Algérie. Ce mot paraît sûrement anodin pour la majorité des « non-Algériens ». Pour moi, il représente beaucoup, voire tout. L’Algérie n’est pas seulement ce pays de l’autre côté de la Méditerranée, une équipe de foot (quoi qu’elle soit importante pour notre jeunesse), ou « one, two, three ». L’Algérie, j’y laisse une partie de mon cœur à chaque fois que je reviens en France et je la retrouve quand j’y retourne. C’est une partie intégrante de ma vie, mais pas cette année.

Cette fermeture des frontières, elle me fait beaucoup de mal, sur plusieurs plans.

Adieu à mes 400 euros

Sur le plan financier, étudiante sans ressources, j’avais mis de côté quelques sous pour pouvoir me payer un billet que j’ai acheté au mois de février. J’avais prévu de partir le 1er août et, comme vous avez pu le constater, aucune ouverture des frontières algériennes en vue. J’ai donc perdu l’argent de ces billets puisque, à ce jour, je n’ai aucune nouvelle d’Air Algérie pour me prévenir d’un quelconque remboursement. Adieu à mes 400 euros.

Avec ma mère, on avait prévu de faire une grande fête pour célébrer l’obtention de ma licence avec toute ma famille, tous ceux que j’aime vraiment à mes côtés. On avait passé les commandes des gâteaux chez un pâtissier de renom qui possède son atelier en pleine capitale, et on a dû tout annuler… Une grosse perte financière pour nous. Mais ma famille essaie de relativiser.

Hormis ça, avec mes tantes et cousines, j’avais prévu une semaine en dehors de ma/mes ville(s) d’origine, parce que chaque année je passe une semaine dans une nouvelle région pour pouvoir découvrir davantage le pays de mes ancêtres. On a dû annuler toutes nos réservations.

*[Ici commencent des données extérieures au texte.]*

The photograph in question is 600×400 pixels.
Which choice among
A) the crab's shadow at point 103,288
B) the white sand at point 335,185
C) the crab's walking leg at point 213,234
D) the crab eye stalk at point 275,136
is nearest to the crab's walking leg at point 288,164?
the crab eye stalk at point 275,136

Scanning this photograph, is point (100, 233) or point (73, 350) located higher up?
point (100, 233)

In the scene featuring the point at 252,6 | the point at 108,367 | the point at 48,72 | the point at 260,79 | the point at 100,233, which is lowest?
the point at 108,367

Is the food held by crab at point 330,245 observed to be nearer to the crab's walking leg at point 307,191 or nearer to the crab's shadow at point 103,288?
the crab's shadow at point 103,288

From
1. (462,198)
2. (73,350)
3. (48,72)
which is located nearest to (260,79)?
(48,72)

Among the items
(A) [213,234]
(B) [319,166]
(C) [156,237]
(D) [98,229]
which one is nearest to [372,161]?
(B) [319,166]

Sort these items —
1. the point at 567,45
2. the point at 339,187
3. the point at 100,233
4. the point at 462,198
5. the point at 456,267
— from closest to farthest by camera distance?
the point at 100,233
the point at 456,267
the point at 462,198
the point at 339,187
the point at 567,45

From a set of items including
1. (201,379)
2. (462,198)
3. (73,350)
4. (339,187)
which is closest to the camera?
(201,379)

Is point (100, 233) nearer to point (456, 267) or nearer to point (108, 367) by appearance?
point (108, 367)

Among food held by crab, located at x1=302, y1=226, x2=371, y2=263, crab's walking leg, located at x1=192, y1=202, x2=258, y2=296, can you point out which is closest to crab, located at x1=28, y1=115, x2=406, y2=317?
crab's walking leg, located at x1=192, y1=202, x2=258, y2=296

L’Algérie est ma mère patrie, la France ma dame nation

Ça me touche parce que c’est important pour moi de pouvoir me rendre plusieurs fois par an en Algérie. J’avais pour habitude d’y aller au moins deux, voire trois fois par an. Pourtant, je ne suis pas du tout née là-bas. Je suis née en France, à Saint-Denis. Mais, pour plusieurs raisons, je dirais que l’Algérie est ma mère patrie et que la France est ma dame nation ; à vous de comprendre.

Hormis le fait de ne pas voir mon pays, mes cousins, mes tantes et mes oncles me manquent vraiment beaucoup. Je passe de super moments avec eux. En France, je n’ai pas grand monde à part mes parents, mon frère, ma sœur, et un cousin au Havre. Je n’ai pas connu le père de mon père, et j’ai vu le père de ma mère décéder… Alors, après le décès de mes grands-parents, notamment mes deux grands-mères, les liens entre mes tantes/oncles et moi se sont resserrés. On voulait se prouver qu’on était toujours liées et soudées. C’est donc encore plus important pour moi aujourd’hui de pouvoir les revoir.

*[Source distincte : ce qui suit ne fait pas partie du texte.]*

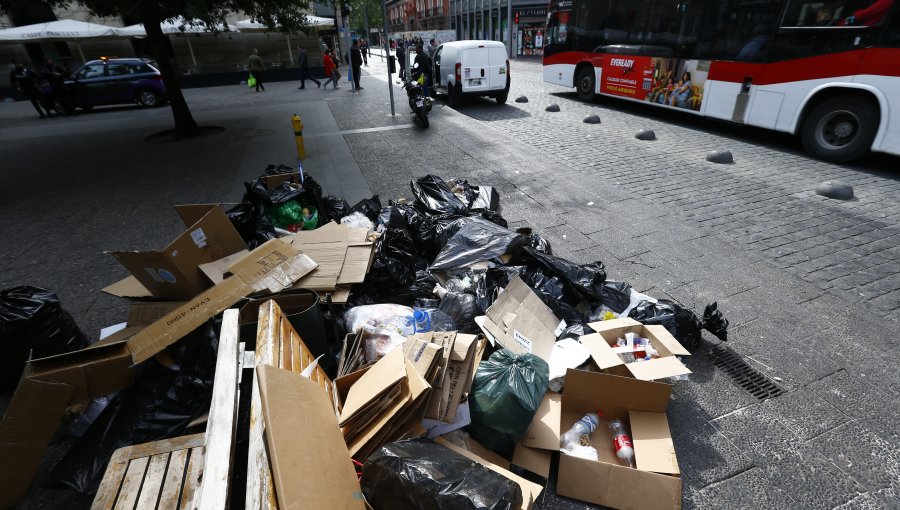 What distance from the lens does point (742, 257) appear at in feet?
14.4

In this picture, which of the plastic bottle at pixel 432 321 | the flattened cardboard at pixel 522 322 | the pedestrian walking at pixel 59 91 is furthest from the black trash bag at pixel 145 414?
the pedestrian walking at pixel 59 91

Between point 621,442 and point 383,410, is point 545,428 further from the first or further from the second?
point 383,410

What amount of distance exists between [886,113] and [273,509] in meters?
9.20

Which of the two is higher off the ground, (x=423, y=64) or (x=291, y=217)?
(x=423, y=64)

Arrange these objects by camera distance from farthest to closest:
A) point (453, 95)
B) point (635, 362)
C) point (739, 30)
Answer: point (453, 95) < point (739, 30) < point (635, 362)

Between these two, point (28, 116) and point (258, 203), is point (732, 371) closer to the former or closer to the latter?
point (258, 203)

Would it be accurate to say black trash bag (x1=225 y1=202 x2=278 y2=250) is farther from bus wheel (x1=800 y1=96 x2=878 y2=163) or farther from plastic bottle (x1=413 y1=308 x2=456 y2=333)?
bus wheel (x1=800 y1=96 x2=878 y2=163)

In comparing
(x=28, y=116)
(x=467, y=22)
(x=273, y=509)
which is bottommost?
(x=28, y=116)

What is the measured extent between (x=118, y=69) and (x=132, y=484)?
61.4ft

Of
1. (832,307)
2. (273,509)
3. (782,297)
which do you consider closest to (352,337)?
(273,509)

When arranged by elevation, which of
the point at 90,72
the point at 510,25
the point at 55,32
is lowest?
the point at 90,72

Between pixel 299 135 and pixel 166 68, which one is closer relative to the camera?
pixel 299 135

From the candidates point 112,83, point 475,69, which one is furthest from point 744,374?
point 112,83

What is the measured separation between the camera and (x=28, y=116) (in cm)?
1572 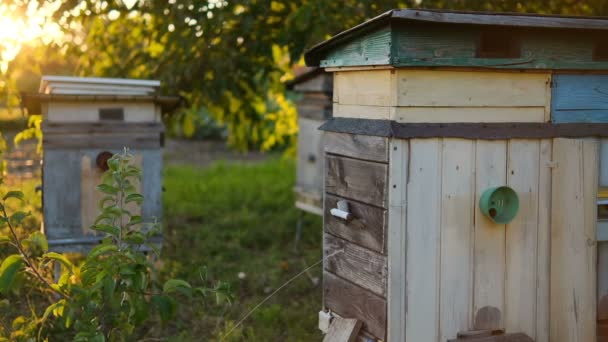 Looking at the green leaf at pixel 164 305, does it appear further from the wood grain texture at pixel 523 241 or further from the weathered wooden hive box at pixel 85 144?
the weathered wooden hive box at pixel 85 144

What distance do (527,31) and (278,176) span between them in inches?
378

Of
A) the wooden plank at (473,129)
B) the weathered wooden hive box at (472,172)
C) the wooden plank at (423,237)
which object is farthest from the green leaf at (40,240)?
the wooden plank at (423,237)

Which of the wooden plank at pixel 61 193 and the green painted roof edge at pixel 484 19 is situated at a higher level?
the green painted roof edge at pixel 484 19

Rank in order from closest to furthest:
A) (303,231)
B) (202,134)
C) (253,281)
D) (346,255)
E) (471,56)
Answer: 1. (471,56)
2. (346,255)
3. (253,281)
4. (303,231)
5. (202,134)

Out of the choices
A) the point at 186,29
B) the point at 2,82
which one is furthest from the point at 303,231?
the point at 2,82

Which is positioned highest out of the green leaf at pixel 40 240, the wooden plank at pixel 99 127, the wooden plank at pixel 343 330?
the wooden plank at pixel 99 127

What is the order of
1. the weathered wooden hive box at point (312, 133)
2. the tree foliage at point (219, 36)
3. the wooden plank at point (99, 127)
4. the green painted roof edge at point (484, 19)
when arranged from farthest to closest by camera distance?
the weathered wooden hive box at point (312, 133), the tree foliage at point (219, 36), the wooden plank at point (99, 127), the green painted roof edge at point (484, 19)

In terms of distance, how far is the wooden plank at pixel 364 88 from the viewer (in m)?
3.70

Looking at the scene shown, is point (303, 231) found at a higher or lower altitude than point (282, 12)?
lower

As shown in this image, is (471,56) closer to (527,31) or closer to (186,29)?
(527,31)

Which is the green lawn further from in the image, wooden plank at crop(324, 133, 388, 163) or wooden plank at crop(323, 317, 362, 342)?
wooden plank at crop(324, 133, 388, 163)

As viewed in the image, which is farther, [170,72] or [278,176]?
[278,176]

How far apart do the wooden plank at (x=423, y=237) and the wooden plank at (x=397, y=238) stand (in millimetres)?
24

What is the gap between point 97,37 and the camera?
804 cm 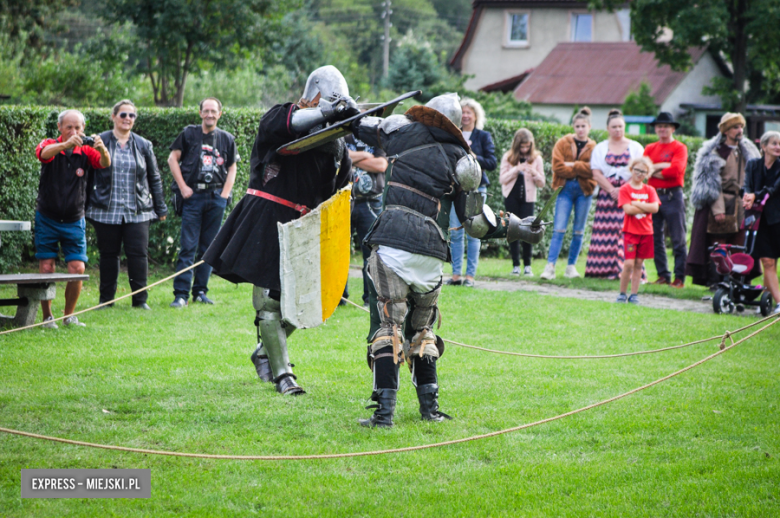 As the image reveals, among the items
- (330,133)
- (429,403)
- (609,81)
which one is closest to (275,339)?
(429,403)

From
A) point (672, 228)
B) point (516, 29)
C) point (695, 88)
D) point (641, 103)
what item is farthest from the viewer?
point (516, 29)

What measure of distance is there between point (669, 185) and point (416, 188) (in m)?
6.87

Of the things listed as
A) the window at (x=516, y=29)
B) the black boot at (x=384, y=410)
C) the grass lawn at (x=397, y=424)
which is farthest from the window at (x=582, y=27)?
the black boot at (x=384, y=410)

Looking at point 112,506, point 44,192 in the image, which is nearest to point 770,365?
point 112,506

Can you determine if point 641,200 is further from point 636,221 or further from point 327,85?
point 327,85

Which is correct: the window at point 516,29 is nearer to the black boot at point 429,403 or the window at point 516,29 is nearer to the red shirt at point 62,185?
the red shirt at point 62,185

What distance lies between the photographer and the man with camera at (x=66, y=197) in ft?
24.0

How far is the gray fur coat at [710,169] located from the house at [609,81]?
780 inches

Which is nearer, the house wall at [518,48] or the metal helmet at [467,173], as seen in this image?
the metal helmet at [467,173]

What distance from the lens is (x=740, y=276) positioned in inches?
352

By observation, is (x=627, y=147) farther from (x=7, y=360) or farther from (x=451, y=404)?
(x=7, y=360)

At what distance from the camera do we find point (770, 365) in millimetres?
6410

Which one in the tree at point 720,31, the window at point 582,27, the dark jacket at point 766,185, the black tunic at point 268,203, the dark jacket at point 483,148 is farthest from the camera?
the window at point 582,27

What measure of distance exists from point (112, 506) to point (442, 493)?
1481 mm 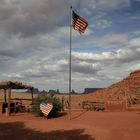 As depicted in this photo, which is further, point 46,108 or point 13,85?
point 13,85

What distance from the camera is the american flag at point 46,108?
82.9ft

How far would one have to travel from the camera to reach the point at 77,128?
20.8 meters

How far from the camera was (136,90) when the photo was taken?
5756cm

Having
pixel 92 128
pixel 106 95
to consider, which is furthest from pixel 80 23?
pixel 106 95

S’il est difficile de partir pour les Français, pour les Africains résidant en France, c’est mission impossible ! Un panorama des blocages africains de l’été à lire dans Le Monde Afrique.

 

Ne pas aller en Algérie, ça m’est déjà arrivé une fois à cause de problèmes financiers. Je l’ai mal vécu mais j’avais pris sur moi. Ce sont des choses qui arrivent et j’ai conscience que mon père fait déjà beaucoup pour nous. Mais, cette année, c’est frustrant de savoir que j’ai un billet et que, à cause d’une pandémie mal gérée par les autorités algériennes, je ne peux pas y aller. Ça, ça me met en colère : l’Algérie n’avait pas beaucoup de cas au départ mais, à cause d’une mauvaise gestion des restrictions sanitaires, elle vit actuellement son pic de contaminations.

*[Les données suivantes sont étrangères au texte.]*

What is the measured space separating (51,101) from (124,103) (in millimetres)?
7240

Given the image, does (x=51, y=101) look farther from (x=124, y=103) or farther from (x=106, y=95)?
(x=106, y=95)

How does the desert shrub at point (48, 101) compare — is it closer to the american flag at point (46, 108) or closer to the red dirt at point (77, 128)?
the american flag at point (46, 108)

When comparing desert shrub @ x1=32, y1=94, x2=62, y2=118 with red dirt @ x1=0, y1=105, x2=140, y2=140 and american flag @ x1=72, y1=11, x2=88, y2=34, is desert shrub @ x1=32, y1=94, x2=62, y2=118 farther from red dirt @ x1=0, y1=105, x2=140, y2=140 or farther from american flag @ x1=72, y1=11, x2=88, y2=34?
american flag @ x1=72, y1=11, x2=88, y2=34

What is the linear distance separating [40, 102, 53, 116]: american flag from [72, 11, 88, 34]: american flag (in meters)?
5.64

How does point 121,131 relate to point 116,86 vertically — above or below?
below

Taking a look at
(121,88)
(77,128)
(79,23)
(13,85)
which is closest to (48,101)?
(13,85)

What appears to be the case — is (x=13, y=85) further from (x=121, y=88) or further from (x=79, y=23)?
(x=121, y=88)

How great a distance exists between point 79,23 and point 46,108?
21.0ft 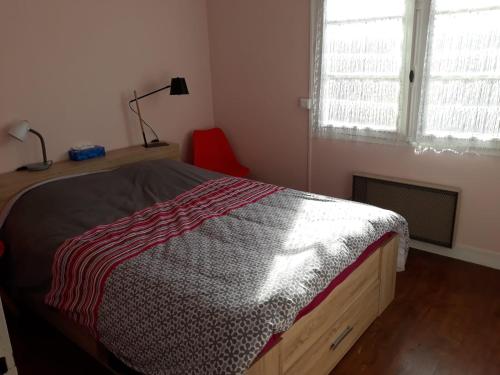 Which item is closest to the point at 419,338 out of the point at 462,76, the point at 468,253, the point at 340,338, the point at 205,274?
Answer: the point at 340,338

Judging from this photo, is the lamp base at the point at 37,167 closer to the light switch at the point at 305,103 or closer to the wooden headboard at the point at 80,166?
the wooden headboard at the point at 80,166

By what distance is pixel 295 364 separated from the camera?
1.60 m

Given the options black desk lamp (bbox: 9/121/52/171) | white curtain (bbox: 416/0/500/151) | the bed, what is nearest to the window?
white curtain (bbox: 416/0/500/151)

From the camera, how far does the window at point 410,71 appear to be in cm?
241

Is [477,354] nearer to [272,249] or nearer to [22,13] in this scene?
[272,249]

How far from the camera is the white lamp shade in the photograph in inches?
96.2

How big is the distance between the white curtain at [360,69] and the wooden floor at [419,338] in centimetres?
107

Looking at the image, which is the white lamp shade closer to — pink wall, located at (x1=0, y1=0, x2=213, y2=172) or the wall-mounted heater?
pink wall, located at (x1=0, y1=0, x2=213, y2=172)

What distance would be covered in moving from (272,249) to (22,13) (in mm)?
2116

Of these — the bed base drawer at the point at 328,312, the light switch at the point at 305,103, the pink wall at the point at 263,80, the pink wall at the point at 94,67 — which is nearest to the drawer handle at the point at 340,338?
the bed base drawer at the point at 328,312

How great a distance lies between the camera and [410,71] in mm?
2680

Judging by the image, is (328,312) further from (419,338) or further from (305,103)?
(305,103)

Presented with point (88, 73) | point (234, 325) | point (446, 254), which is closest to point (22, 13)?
point (88, 73)

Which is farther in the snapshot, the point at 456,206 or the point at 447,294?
the point at 456,206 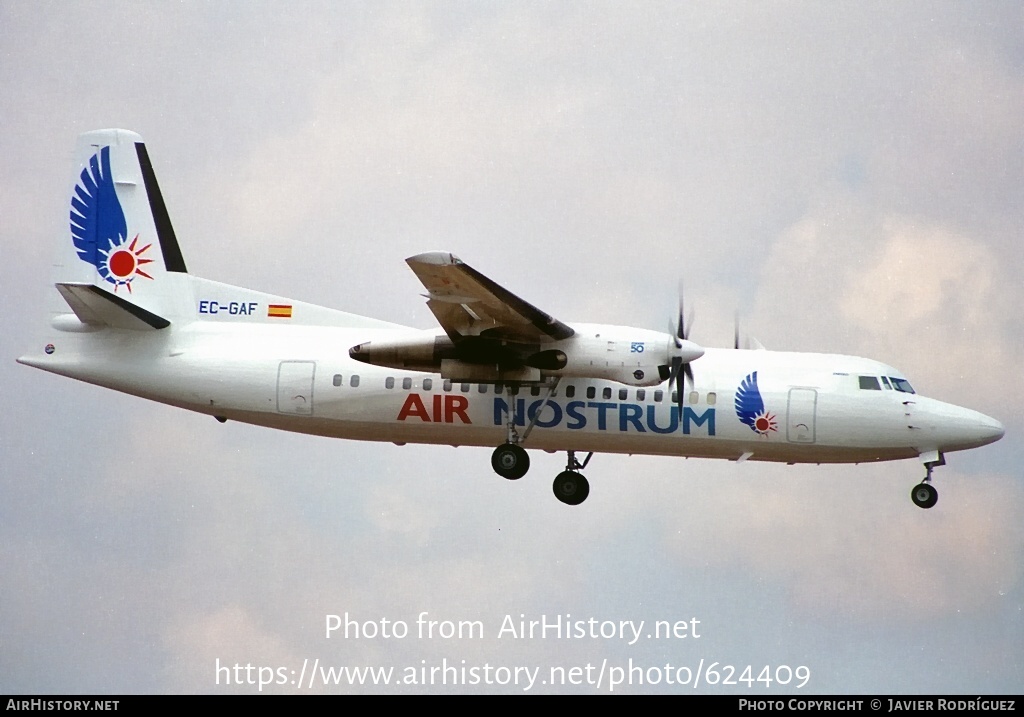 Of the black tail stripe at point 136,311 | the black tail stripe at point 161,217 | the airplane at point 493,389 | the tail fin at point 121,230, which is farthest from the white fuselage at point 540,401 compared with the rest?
the black tail stripe at point 161,217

Une claque de chaleur terrible, mais tellement agréable

Ne pas pouvoir aller en Algérie cet été, c’est me couper de la bouffée d’oxygène que j’attends toute l’année. Chaque année, j’ai l’esprit et le cœur en Algérie en pensant à quand je pourrais y retourner et m’y sentir bien. Voir mes proches, profiter de la chaleur familiale qui me manque ici. Voir leurs visages, entendre leurs voix, les prendre dans les bras, c’est un bonheur inexplicable. Ma maison là-bas me manque aussi ! Elle est plus grande que l’endroit où je vis, plus belle, elle est au bord de la mer. Le paradis sur terre quoi !

Chacun de mes voyages en Algérie m’offre une source de bonheur que rien ni personne en France n’arriverait à me procurer. Juste arriver à l’aéroport d’Alger et entendre les gens me parler en arabe me dessinent un sourire sur mon visage. Le meilleur des sentiments que je puisse ressentir, c’est quand les portes qui donnent à l’extérieur s’ouvrent face à moi. Je respire un bon coup, je ferme les yeux, je me prends une claque de chaleur terrible, mais tellement agréable. Ça y est, je me sens chez moi. J’espère qu’un jour je pourrais y retourner, définitivement.

Arrivé à 4 ans en France, Hafid a beaucoup déménagé mais s’est toujours senti seul et pas à sa place. C’est dans un quartier de Melun qu’il a fini par retrouver l’esprit de solidarité et de partage qui lui manquait depuis son départ d’Algérie.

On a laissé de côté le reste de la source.